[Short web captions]
--- START ---

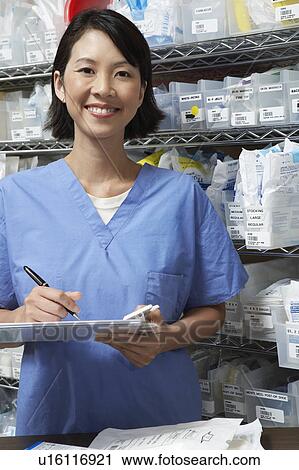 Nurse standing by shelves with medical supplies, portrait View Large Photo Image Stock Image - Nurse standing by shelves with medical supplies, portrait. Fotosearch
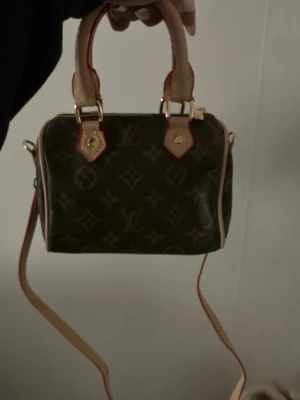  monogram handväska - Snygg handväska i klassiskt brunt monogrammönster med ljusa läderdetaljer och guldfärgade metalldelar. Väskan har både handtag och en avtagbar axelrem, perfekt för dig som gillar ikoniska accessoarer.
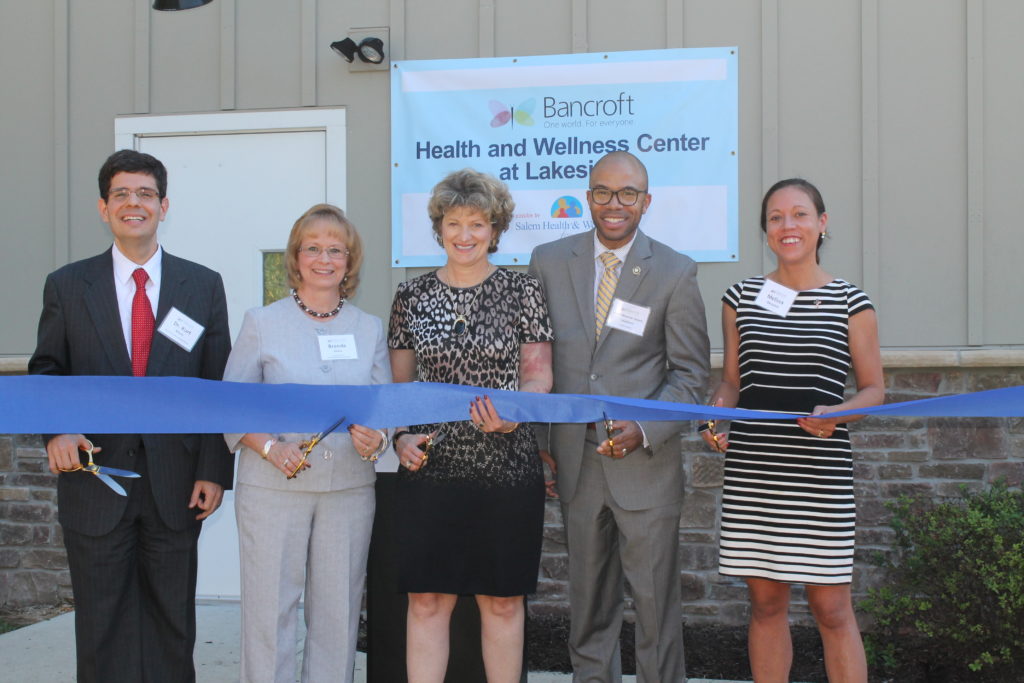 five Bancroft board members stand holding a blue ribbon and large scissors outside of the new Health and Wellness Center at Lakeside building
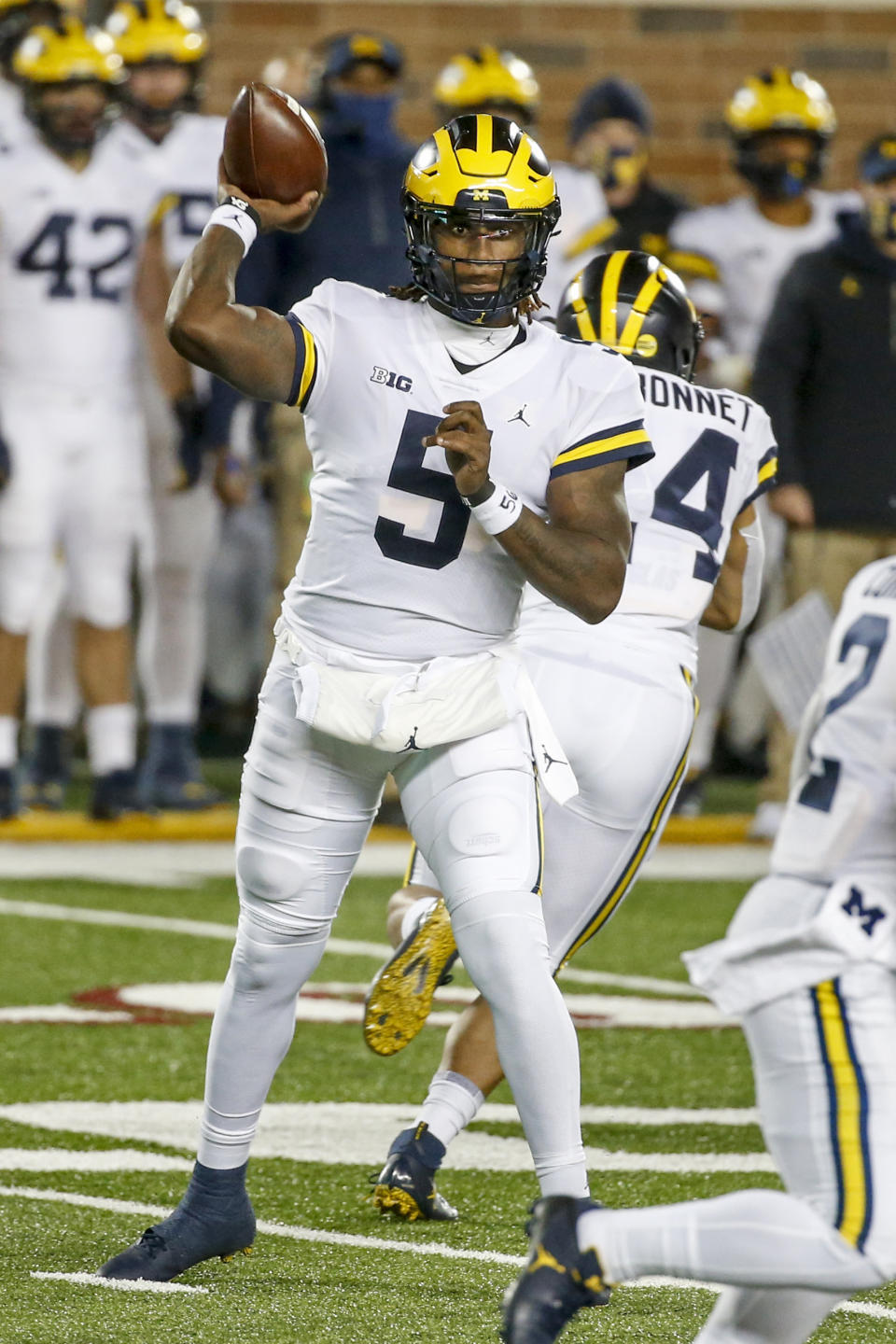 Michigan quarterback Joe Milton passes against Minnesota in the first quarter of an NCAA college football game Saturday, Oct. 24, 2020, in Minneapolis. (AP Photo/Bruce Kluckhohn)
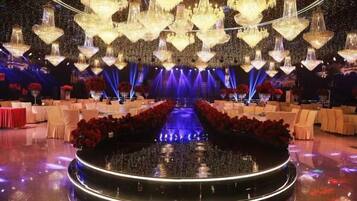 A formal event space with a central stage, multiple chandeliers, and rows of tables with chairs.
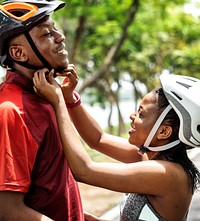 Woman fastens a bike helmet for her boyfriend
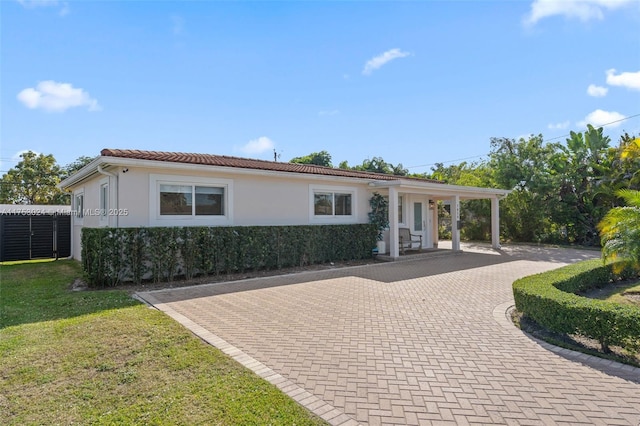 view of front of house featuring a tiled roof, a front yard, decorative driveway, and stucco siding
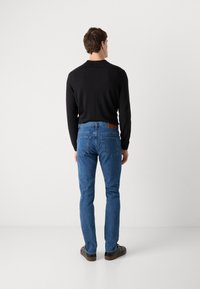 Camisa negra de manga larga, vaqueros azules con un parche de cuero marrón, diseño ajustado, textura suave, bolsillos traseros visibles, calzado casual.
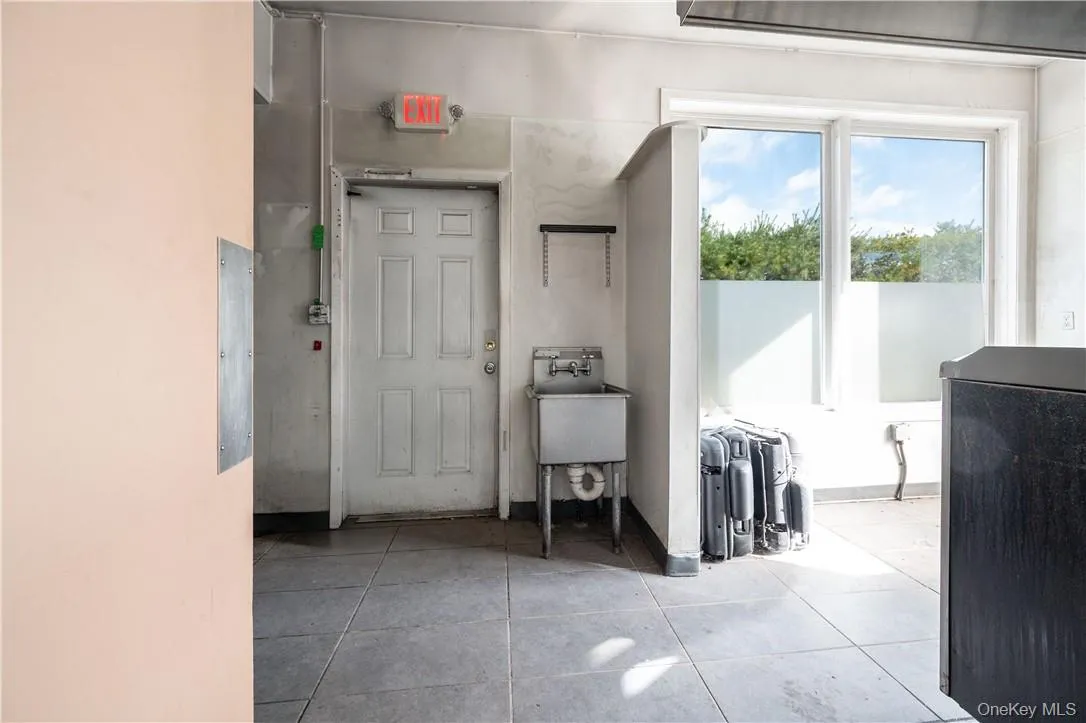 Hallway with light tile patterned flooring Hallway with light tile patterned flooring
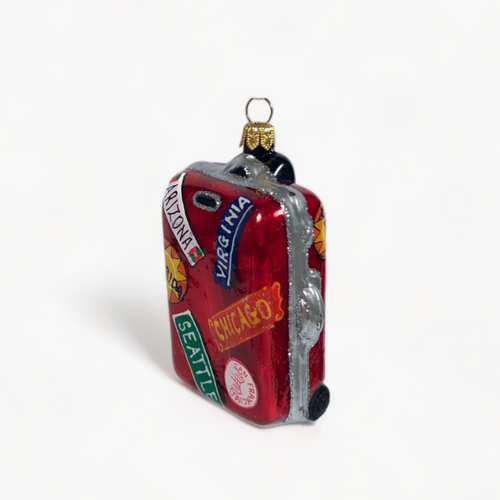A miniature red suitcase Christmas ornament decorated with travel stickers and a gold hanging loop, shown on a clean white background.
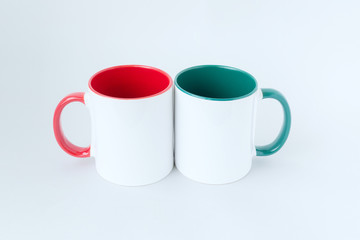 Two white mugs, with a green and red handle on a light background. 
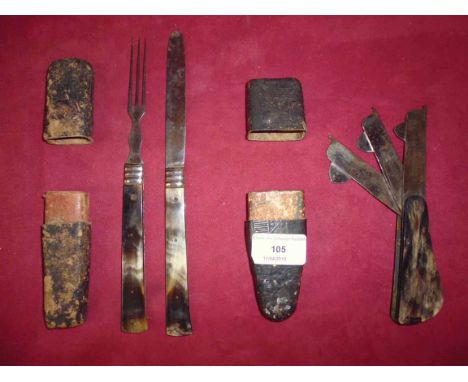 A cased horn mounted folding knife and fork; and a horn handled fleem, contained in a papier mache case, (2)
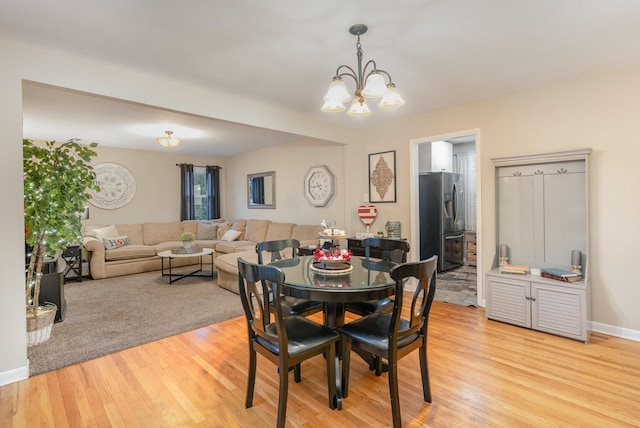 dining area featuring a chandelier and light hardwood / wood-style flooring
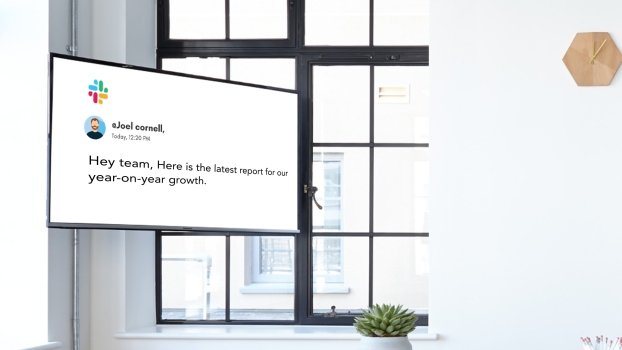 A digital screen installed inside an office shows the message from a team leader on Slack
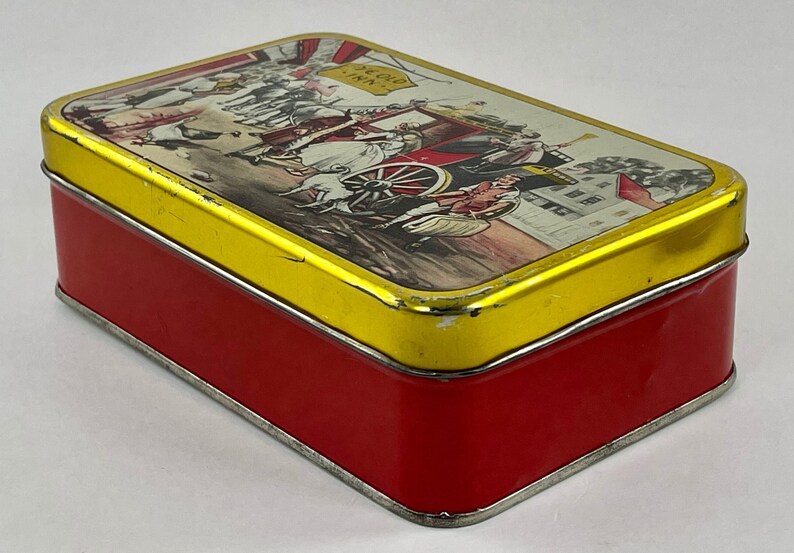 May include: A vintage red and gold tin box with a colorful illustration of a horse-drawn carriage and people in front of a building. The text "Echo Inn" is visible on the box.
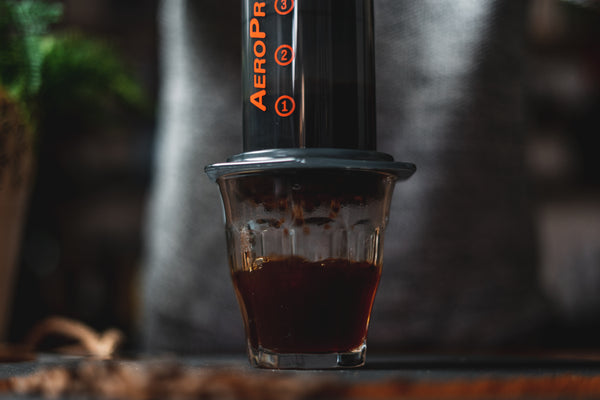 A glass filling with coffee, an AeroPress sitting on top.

--- END ---

> [Work instruction]
Leave the images out and give the rest of the data again exactly.

> [Solution to this problem]
 Nurse standing by shelves with medical supplies, portrait View Large Photo Image Stock Image - Nurse standing by shelves with medical supplies, portrait. Fotosearch
  monogram handväska - Snygg handväska i klassiskt brunt monogrammönster med ljusa läderdetaljer och guldfärgade metalldelar. Väskan har både handtag och en avtagbar axelrem, perfekt för dig som gillar ikoniska accessoarer.
 five Bancroft board members stand holding a blue ribbon and large scissors outside of the new Health and Wellness Center at Lakeside building
 Michigan quarterback Joe Milton passes against Minnesota in the first quarter of an NCAA college football game Saturday, Oct. 24, 2020, in Minneapolis. (AP Photo/Bruce Kluckhohn)
 A formal event space with a central stage, multiple chandeliers, and rows of tables with chairs.
 Woman fastens a bike helmet for her boyfriend
 view of front of house featuring a tiled roof, a front yard, decorative driveway, and stucco siding
 Camisa negra de manga larga, vaqueros azules con un parche de cuero marrón, diseño ajustado, textura suave, bolsillos traseros visibles, calzado casual.
 Hallway with light tile patterned flooring Hallway with light tile patterned flooring
A miniature red suitcase Christmas ornament decorated with travel stickers and a gold hanging loop, shown on a clean white background.
 Two white mugs, with a green and red handle on a light background. 
 A cased horn mounted folding knife and fork; and a horn handled fleem, contained in a papier mache case, (2)
 dining area featuring a chandelier and light hardwood / wood-style flooring
 A digital screen installed inside an office shows the message from a team leader on Slack
 May include: A vintage red and gold tin box with a colorful illustration of a horse-drawn carriage and people in front of a building. The text "Echo Inn" is visible on the box.
 A glass filling with coffee, an AeroPress sitting on top.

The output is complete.